Tara Reade’s unproven sexual-assault allegation against former Vice President Joseph R. Biden may do nothing to dent his 2020 presidential run, but the damage to the #MeToo movement has already been done.
The tepid response from Democrats and the media establishment to Ms. Reade’s claim, described as comparable to Christine Blasey Ford’s allegation against Supreme Court Justice Brett M. Kavanaugh, comes as another hit to #MeToo’s credibility as a disinterested defender of victims’ rights.

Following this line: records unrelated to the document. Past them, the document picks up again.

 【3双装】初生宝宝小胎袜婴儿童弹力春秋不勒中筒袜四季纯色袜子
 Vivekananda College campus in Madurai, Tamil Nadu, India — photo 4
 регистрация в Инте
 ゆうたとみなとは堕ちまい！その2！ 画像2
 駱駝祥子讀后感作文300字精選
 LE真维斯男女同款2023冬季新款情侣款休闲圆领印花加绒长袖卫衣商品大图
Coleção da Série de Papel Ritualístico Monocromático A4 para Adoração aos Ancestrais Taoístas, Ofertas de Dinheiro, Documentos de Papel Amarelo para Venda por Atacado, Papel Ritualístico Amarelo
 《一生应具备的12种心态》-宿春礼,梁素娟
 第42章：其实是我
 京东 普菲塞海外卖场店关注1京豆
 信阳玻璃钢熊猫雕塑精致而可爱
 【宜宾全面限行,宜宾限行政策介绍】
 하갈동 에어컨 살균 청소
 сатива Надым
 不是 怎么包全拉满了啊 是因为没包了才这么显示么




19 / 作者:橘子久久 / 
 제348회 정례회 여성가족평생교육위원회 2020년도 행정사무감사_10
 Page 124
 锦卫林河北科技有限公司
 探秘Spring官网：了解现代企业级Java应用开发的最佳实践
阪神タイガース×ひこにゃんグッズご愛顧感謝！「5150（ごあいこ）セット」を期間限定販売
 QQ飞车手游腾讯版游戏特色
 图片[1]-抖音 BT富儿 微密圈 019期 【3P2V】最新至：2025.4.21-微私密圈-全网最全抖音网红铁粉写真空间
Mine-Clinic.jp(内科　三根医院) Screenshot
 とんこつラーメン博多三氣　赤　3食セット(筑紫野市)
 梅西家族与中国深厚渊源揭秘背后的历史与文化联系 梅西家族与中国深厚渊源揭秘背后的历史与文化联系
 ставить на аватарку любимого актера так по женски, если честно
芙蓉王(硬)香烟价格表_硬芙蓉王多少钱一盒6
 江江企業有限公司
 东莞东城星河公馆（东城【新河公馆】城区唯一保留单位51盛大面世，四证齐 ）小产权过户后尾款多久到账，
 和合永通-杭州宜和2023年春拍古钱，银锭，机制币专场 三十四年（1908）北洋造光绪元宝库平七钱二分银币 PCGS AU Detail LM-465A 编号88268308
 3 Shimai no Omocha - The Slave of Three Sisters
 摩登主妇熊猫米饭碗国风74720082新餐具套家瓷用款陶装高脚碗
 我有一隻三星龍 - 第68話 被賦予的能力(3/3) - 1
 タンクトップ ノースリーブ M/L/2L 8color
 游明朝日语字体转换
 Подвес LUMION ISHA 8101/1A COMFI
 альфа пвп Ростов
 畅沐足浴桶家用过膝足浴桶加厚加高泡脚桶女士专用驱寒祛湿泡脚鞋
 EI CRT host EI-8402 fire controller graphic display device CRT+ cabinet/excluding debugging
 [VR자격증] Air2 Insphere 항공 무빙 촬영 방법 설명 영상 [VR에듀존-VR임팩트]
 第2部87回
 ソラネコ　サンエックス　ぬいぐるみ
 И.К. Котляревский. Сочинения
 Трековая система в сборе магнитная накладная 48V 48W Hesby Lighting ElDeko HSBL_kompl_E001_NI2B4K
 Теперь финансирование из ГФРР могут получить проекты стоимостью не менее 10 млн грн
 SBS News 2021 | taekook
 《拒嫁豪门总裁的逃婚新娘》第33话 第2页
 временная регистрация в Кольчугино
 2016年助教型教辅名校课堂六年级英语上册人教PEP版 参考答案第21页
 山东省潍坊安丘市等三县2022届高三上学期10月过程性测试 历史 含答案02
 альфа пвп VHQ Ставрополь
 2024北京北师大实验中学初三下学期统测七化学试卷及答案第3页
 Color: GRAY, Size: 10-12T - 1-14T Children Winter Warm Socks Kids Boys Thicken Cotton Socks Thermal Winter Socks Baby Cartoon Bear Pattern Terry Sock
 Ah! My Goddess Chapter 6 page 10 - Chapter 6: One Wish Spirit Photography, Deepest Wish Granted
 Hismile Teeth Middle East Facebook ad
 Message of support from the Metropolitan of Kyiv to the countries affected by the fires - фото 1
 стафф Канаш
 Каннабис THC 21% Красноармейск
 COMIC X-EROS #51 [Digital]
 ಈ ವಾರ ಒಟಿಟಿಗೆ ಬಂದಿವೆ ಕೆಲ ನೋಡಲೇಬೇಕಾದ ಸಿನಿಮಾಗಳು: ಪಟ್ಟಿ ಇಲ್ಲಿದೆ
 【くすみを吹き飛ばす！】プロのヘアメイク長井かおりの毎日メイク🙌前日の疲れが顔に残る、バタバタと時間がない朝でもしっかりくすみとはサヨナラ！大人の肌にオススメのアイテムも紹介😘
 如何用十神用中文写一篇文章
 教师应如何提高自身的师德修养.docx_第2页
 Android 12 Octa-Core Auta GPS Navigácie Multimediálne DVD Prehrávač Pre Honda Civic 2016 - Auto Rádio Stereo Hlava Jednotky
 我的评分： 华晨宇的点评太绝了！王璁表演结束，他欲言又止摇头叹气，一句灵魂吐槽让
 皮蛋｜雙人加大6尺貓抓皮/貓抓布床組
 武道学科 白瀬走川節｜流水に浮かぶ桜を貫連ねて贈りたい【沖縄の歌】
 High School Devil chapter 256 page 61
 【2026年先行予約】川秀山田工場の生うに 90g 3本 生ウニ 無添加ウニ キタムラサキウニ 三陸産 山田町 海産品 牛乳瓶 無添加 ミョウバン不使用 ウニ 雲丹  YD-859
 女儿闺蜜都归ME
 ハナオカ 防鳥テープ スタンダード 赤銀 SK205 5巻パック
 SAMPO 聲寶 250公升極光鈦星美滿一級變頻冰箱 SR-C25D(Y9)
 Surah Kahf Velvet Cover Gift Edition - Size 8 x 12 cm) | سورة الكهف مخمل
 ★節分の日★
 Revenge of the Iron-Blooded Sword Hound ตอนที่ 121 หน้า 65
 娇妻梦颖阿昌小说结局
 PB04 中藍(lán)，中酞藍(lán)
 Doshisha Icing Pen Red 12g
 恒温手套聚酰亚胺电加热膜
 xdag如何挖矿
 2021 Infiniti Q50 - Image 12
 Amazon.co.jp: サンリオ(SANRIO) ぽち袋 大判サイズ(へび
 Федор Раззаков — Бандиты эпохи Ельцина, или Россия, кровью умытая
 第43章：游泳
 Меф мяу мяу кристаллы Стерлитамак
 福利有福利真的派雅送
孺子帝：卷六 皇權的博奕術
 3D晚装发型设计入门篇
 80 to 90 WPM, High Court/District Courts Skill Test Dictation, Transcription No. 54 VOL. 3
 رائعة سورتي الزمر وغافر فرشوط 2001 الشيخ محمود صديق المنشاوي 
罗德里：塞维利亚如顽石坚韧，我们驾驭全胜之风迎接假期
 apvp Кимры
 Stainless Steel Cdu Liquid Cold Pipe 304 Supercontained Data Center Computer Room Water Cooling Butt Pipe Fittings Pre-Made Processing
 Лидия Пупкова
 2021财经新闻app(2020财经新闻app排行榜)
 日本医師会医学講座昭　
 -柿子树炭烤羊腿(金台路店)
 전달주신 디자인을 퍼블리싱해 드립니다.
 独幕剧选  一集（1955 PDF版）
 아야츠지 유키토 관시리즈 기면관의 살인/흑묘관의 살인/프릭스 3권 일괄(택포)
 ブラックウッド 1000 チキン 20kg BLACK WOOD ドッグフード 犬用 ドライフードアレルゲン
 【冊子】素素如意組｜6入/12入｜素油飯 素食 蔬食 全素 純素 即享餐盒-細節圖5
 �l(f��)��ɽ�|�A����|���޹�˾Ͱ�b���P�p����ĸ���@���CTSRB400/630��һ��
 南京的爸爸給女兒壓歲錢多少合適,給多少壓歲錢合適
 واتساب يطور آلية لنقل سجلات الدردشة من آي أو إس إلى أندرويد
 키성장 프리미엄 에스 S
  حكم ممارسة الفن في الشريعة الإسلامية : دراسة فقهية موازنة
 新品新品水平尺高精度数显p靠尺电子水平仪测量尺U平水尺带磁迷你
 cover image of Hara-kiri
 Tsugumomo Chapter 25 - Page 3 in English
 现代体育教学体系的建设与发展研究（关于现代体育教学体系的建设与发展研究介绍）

Inez Stepman, senior policy analyst at the right-of-center Independent Women’s Forum, said the once-admirable movement hailed for taking down sexual predators like disgraced Hollywood producer Harvey Weinstein devolved rapidly into a partisan political weapon.
“I think unfortunately it fulfills the prophecy that IWF and many others were warning about when we went through the Brett Kavanaugh debacle: Without universally applied standards of due process, these kinds of allegations become political footballs, and because the media generally leans left, they protect their own, so to speak,” Ms. Stepman said.
Both the Biden and Kavanaugh allegations are classic he-said/she-said cases — an allegation, a denial and no witnesses — but the vastly different reactions from the political and media establishment have prompted accusations that the key variable isn’t so much what she said, but who he is.
In a March 25 interview with progressive podcast host Katie Halper, Ms. Reade said she was a 29-year-old staffer for then-Sen. Biden in 1993 when he pinned her against a wall, reached under her skirt and penetrated her. The Biden 2020 campaign has staunchly denied the claim.
As with many such allegations, the devil is in the details. Ms. Reade was one of eight women who came forward last year to accuse Mr. Biden of unwanted touching in a public setting — she said he rubbed her shoulders and neck — but said nothing about the sexual assault until last month.
A friend and her brother have told media outlets that she relayed to them years ago about an incident in which Mr. Biden behaved inappropriately. At the same time, she made no secret on social media of her support during the primary for Sen. Bernard Sanders, Mr. Biden’s chief rival for the 2020 Democratic nomination.
Her Sanders support prompted accusations of political motivations, which Ms. Reade has denied. “This isn’t a partisan issue. This is about power and the abuse of power, and the people around that person that enabled that behavior,” she told NPR in a Sunday article.
Some have argued that Ms. Reade’s claim is more credible than Ms. Ford’s, given that Ms. Reade can prove she knew Mr. Biden.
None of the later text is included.